How to Finally Clean Up College Sports

Recently, Louisville Mens’ Basketball coach, Rick Pitino, was terminated along with a slew of coaches from other various collegiate basketball programs, after an FBI investigation revealed a scandal regarding the recruiting of players. Although there were a variety of crimes committed in this investigation, the main one was paying players money to play at certain colleges. Under NCAA rules it is illegal to pay players, and since they knew this all the coaches who did this are obviously at fault. However, moving forward these rules need to change because it’s been making colleges richer while screwing over NCAA players for far too long.

The average colleges player commit about 43.3 hours a week to their sports, while the average American is paid based on 40 hour salary, according to an article on Forbes.com. In case you didn’t already know, playing college level sports is not easy and the amount of time invested into players’ crafts is basically the same as working a full time job.

Based on the success of their sports teams colleges usually have their rankings go up and in effect are more competitive about the grades and standardized test scores of the students they accept. This in turn allows them to then raise the price of their tuition as well, which means colleges are more than benefiting from having the country’s best players on their sports teams.
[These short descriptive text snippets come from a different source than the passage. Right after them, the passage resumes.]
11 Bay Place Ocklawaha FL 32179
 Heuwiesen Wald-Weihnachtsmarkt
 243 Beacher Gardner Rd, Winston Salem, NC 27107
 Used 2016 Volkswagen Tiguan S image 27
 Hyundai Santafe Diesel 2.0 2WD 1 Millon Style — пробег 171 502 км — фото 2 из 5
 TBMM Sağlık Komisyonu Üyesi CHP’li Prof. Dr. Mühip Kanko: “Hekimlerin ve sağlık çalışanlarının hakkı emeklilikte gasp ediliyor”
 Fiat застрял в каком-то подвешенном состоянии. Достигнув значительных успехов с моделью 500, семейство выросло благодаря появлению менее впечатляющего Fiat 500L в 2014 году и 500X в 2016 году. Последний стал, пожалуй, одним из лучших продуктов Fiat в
Furthermore, colleges also make money from merchandise and apparel after the success of these teams, while the players aren’t allowed to be in commercials or market their own names, according to NCAA rules. This is morally wrong, to profit of someone, who isn’t allowed to profit off themselves. It’s not fair that players aren’t allowed to take advantage of opportunities they worked for.

The vast majority of players don’t make professional sports teams, and having a paycheck makes the time spent much more meaningful than just a degree for their service to the college. Furthermore, considering the risk athletes take that could result in terrible injuries, no compensation just seems ethically wrong.

Finally, the NCAA is an 11 billion dollar industry, that is constantly brokering new TV deals. On top of that, they pay their sports staffs more than a modest salary, with people like Alabama head football coach Nick Saban making more than 11 million annually. Players don’t need the millions pros make, but some sort of compensation is well deserved considering the risk and dedication to their respective sports they put in on top of school work.

If the NCAA wants to stop these recurring scandals from ruining their name and to finally clean up college athletics, the answer is simple: pay the players.